Joseph Sabino Mistick: School shootings, a political problem, require political solution

| Saturday, Feb. 24, 2018, 5:41 p.m.
School students from Montgomery County, Md., rally in solidarity with those affected by the shooting at Parkland high school in Florida, at the Capitol in Washington (AP Photo | J. Scott Applewhite)
School students from Montgomery County, Md., rally in solidarity with those affected by the shooting at Parkland high school in Florida, at the Capitol in Washington (AP Photo | J. Scott Applewhite)

Last week marked the 50th anniversary of the first episode of “Mister Rogers' Neighborhood.” Fred Rogers put kids first, listening to them as much as talking to them. Fred knew that children are special and that those who protect them are special, too.

“When I was very young, most of my childhood heroes wore capes, flew through the air, or picked up buildings with one arm. ... But as I grew, my heroes changed, so that now I can honestly say that anyone who does anything to help a child is a hero to me,” he said.

Five days before the “Mister Rogers” milestone, at Marjory Stoneman Douglas High School in Florida, we saw once again that not everyone puts kids first.

In yet another national horror, a shooter with easy access to an AR-15 assault rifle, a weapon designed to kill human beings, murdered 14 students and three staff members.

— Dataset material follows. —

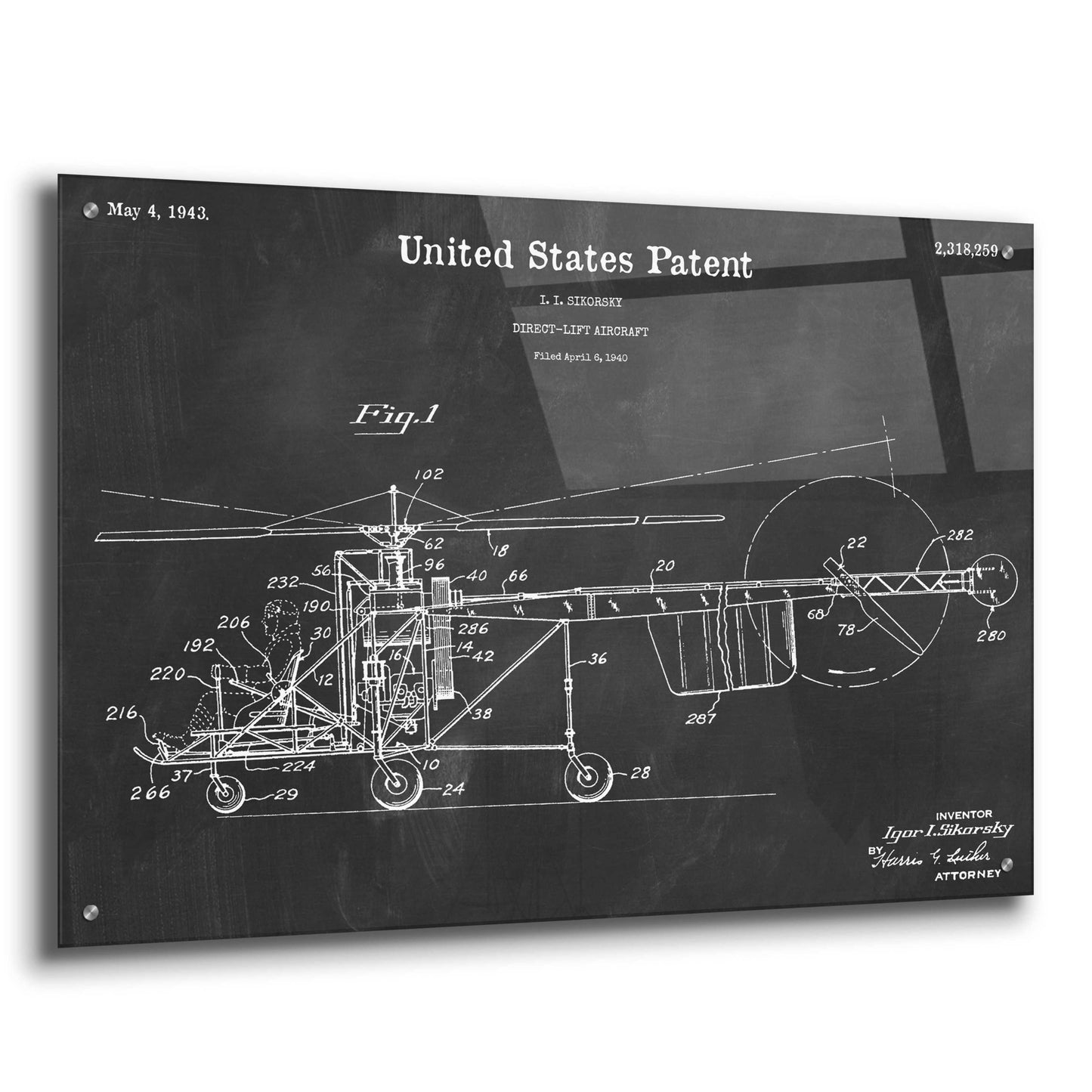 Epic Art 'Direct-Lift Aircraft Blueprint Patent Chalkboard,' Acrylic Glass Wall Art,36x24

Assault weapons, used before to kill Americans on American soil, shoot through walls and tear bodies to shreds. On video from the classrooms where the Florida students were hiding, you can hear their screams, and the rapid-fire blasts of a battlefield.

Our children.

In their classrooms.

Being killed.

Banning these weapons would not solve all our problems, but it would be a start. Anything that slows the mass killing of our children would help.

But those adults with the power to help have not lifted one finger. Worse, they use political tricks to block those who try.

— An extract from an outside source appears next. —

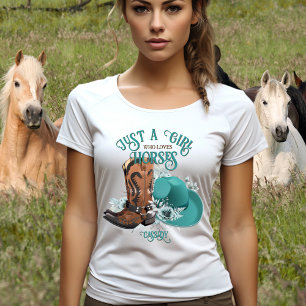 Cowgirl quote turquoise lederen cowboylaarzen pet t-shirt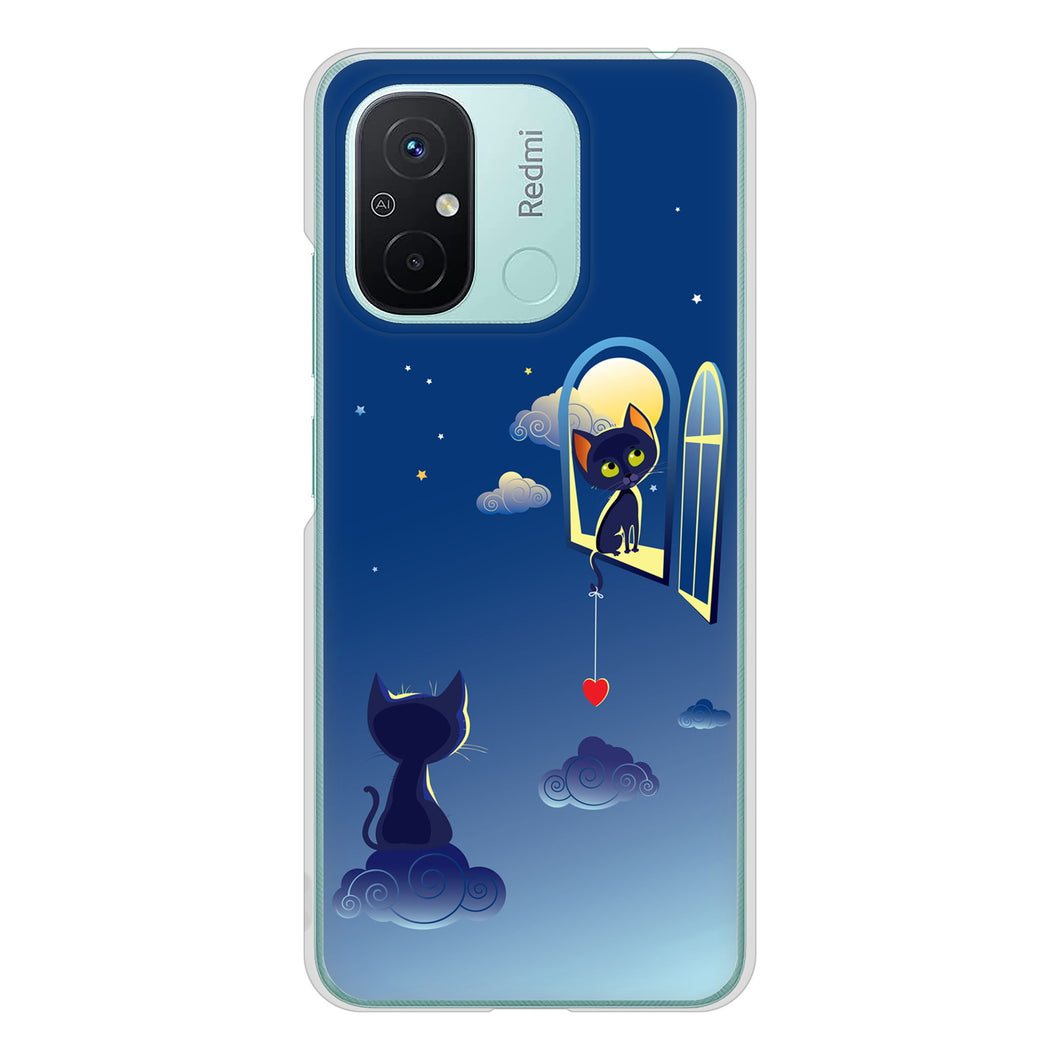 Xiaomi Redmi 12C 高画質仕上げ 背面印刷 ハードケース夜とネコ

We know that this is not a question of morality, because if morals counted for anything, these weapons would have been banned after Sandy Hook. There, in 2012, a gunman using an assault weapon slaughtered 20 grade school students and six adults at Christmastime.

Appeals to morality and conscience failed.

Instead, this is about big money and campaign contributions and clout at the ballot box.

This is about politicians who fear more for their political skins than they do for the lives of our children. They know to toe the industry line or expect well-funded primary challengers and possible political defeat.

At the end of the day, since this is a political problem, there must be a political solution, and there are no shortcuts.

The gun lobby must be out-gunned at the ballot box. The political stakes must change before politicians will feel the heat from those who are sick of the killing.

The Florida students who survived the carnage get it.

They marched on the statehouse and have called for a March 24 “March for Our Lives” rally in Washington, D.C. If their movement grows, a nationwide student strike could be a powerful next step.

They are fighting for the babies of Sandy Hook and all the other Americans who have been left defenseless by a political system that is fueled by money. And even though the odds are against them, many great societal changes have started with less.

So, it is time to take a lesson from Mister Rogers, and listen to the children.

As we know from Psalms 8:2, God ordains strength “out of the mouths of babes.”